-- Task item --
Since the records include pictures, leave those out while you reproduce exactly and only the lines from the one containing "Apartment - 2" through the one containing "Продаж 1-кімнатної квартири, метро", inclusive.
┌─ Records for processing
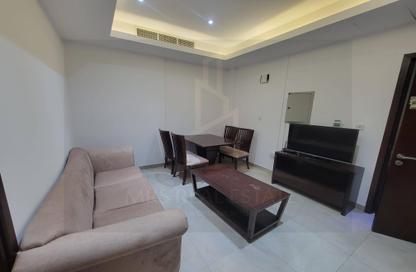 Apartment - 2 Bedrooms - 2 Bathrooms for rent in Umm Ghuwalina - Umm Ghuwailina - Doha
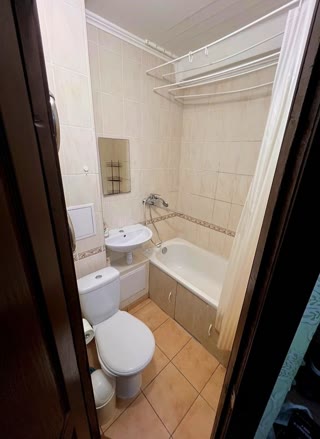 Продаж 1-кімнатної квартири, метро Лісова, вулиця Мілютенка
└─
┌─ Records for processing
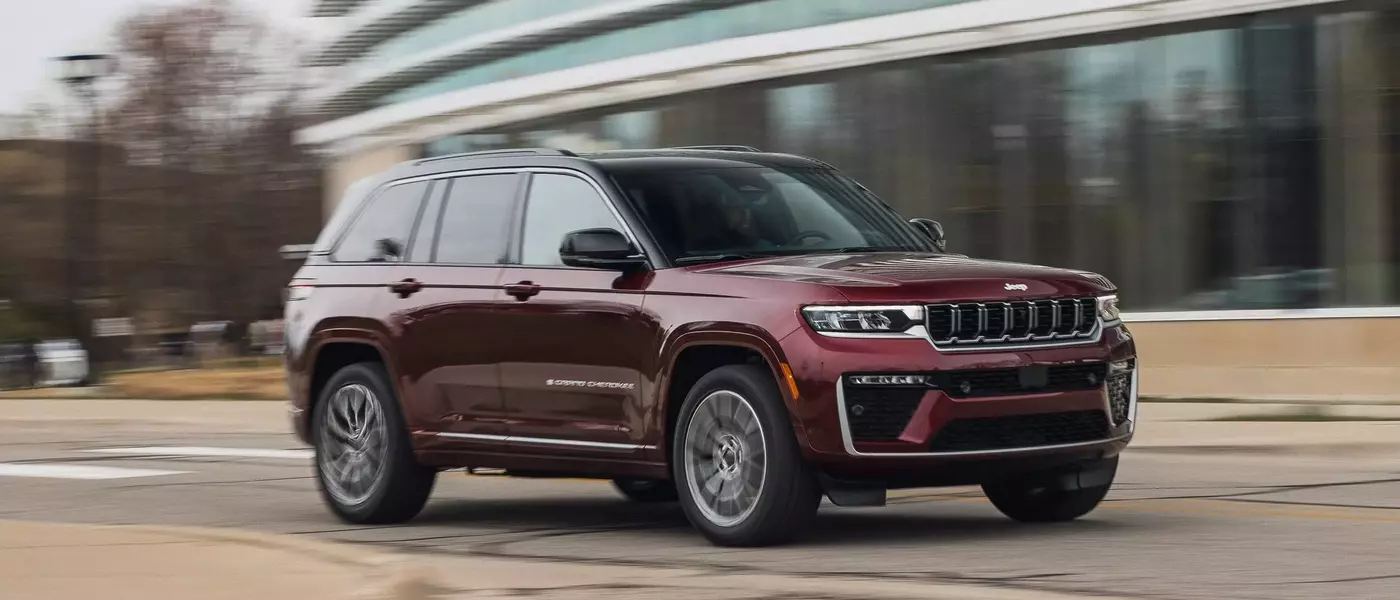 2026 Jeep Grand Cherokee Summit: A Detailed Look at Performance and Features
└─
┌─ Records for processing
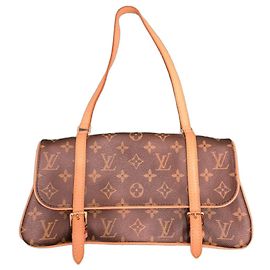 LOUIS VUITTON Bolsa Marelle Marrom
└─
-- Result for this exercise --
 Apartment - 2 Bedrooms - 2 Bathrooms for rent in Umm Ghuwalina - Umm Ghuwailina - Doha
 Продаж 1-кімнатної квартири, метро Лісова, вулиця Мілютенка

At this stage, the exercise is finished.